0

i am working on a simple linear regression model for practicing in order to learn machine learning . my model runs correctly however it get a bad score which means it is a bad model so any advice for better model will be appreciated . and here is my model

import matplotlib.pyplot as plt
import numpy as np
import pandas as pd
from sklearn.linear_model import LinearRegression
from sklearn.metrics import r2_score

########## reading training set ##########

data = pd.read_csv("train.csv", delimiter=",", header=0)
x = data[['Col1', 'Col2']]
y = data['Expected']

########## building model ##########

reg = LinearRegression()
reg.fit(x, y)

########## reading test making predictions ##########

data_test = pd.read_csv("test.csv",delimiter=",", header=0)
x_test = data_test[['Col1', 'Col2']]
prediction = reg.predict(x_test)
np.savetxt("prediction.txt",prediction,delimiter=',')
Halawa
  • 1,171
  • 2
  • 9
  • 19
  • Two things: 1) just printing the code you use to process de Linear Regression isn't useful. A sample of the dataset you're analysing would help more than a code snippet similar to every snippet in `scikit-learn` docs. And 2) you should also ask this on [Cross Validated](http://stats.stackexchange.com/), a StackOverflow spin-off for Machine Learning and Data Analysis. – lsdr Apr 24 '15 at 17:01
  • i use train.csv file contains 3 columns the input "Col1" , "Col2" and the output "Expected" , i think they are random values or something like that and they do not represent anything however i can upload them if this will make you give me a good advice :D – Halawa Apr 24 '15 at 17:26
  • 2
    Since you have just 2 features, why not visualize your data (in 3D, apparently) to see if it has a linear shape? – Artem Sobolev Apr 25 '15 at 11:13
  • how to do that how to visualize my data excuse me i am new to python ? – Halawa Apr 25 '15 at 20:40
  • You could simple use Excel or any spreadsheet to plot a 2D graph and visualize it to see if it has any correlation. – lsdr Apr 27 '15 at 15:15
  • But, since you're playing with Python, check this answer here in StackOverflow: http://stackoverflow.com/questions/6323737/make-a-2d-pixel-plot-with-matplotlib or the plotting example of Pandas: http://pandas.pydata.org/pandas-docs/stable/visualization.html – lsdr Apr 27 '15 at 15:15

1 Answers1

1

It may be not that linear regression is a bad model but that your variables are not properly transformed to avoid regression issues. In many circumstances also non linearity is due to artifacts within the data and not to the wrong use of a linear regression model for the variables used.

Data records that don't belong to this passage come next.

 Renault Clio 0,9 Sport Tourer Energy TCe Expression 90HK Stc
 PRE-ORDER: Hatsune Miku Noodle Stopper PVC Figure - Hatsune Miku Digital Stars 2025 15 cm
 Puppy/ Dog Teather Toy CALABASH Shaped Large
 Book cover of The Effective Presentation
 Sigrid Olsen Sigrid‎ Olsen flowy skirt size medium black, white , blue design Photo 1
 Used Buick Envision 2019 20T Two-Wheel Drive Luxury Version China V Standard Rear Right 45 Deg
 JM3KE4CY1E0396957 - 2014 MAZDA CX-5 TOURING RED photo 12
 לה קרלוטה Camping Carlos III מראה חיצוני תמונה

Are you pre-procesing the variables (all) so they are all weak sense stationary (WSS) stationary, Are the variables all expresed in the same terms (for example percentage change). Have you check for homocedasticity and serial correlation in the results of the regression. Is your data balanced or unbalanced (positive to negative elements). Have you check your data for normality and if not applied a proper transformation (box cox or other). If the data you are using in regression has any or a combination of this issues your results may not be valid. Please run tests for all the mentioned issues, so you are sure you provide to the regression variables in the adequate form so results are interpretable and valid.

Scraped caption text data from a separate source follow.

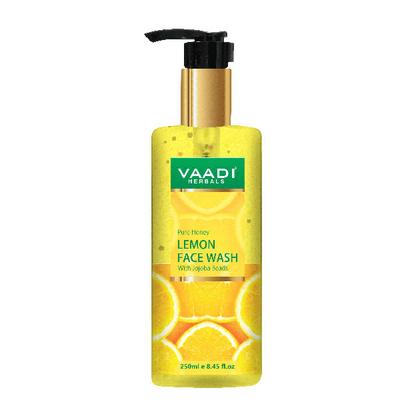 Honey Lemon Face Wash with Jojoba Beads 250 ml - Face Washes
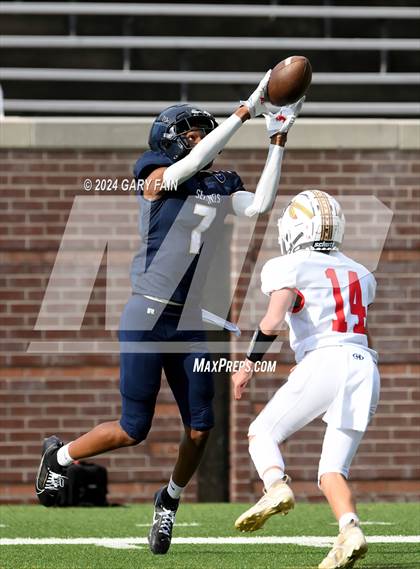 Thumbnail 2 in Chattanooga Prep vs Sequoyah (Blue Cross Bowl) photogallery.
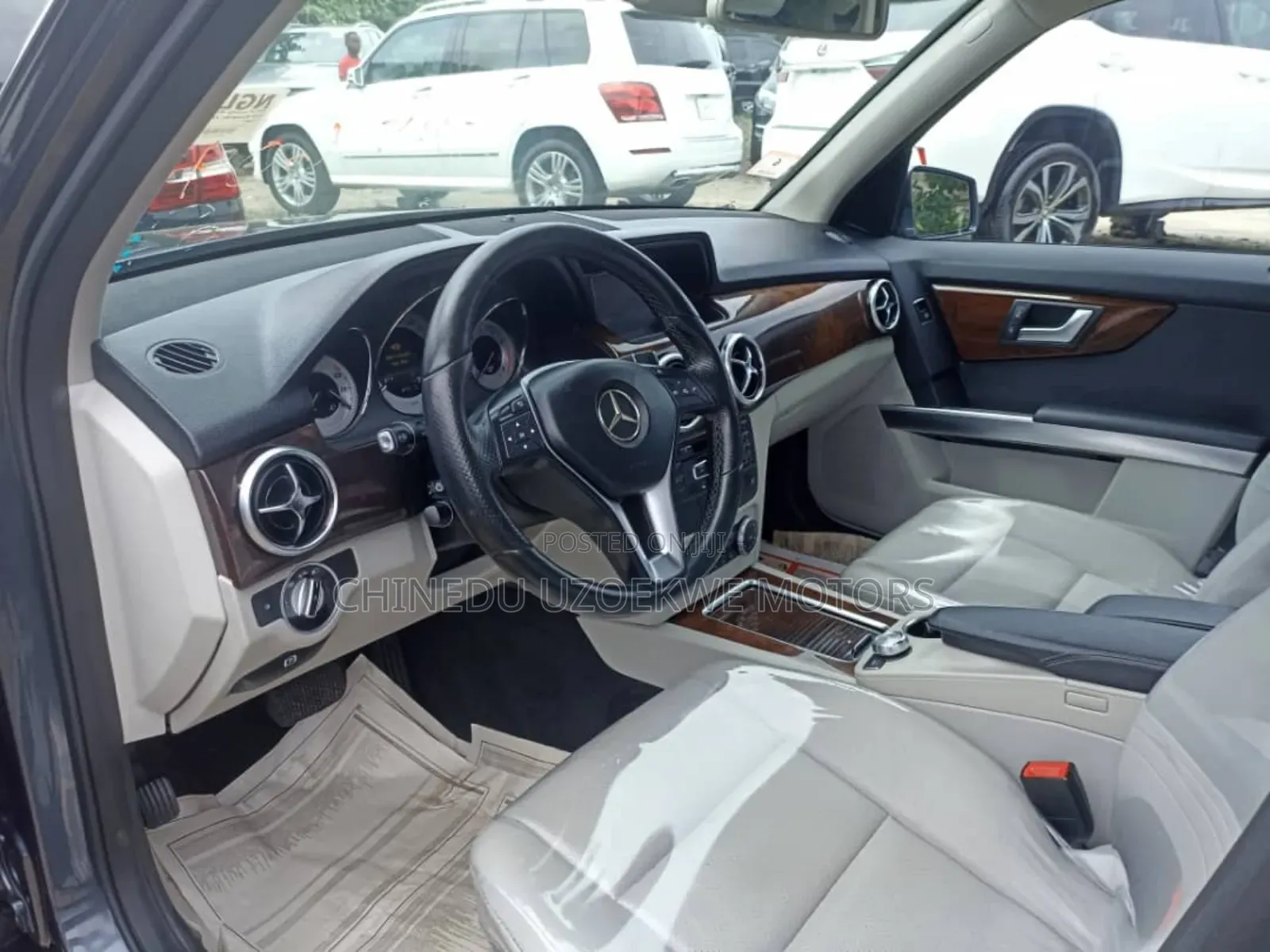 Mercedes-Benz GLK-Class 2015 Gray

Also what measures of error you are using RMSE or R2 other, each measure has its own issues. Is the training sample statistically significant to provide statistical validity.

I would look at this first as is usually the root of may problems when using regression prior to being sure that linear regression is not the adequate implementation model.

Barnaby
  • 1,472
  • 4
  • 20
  • 34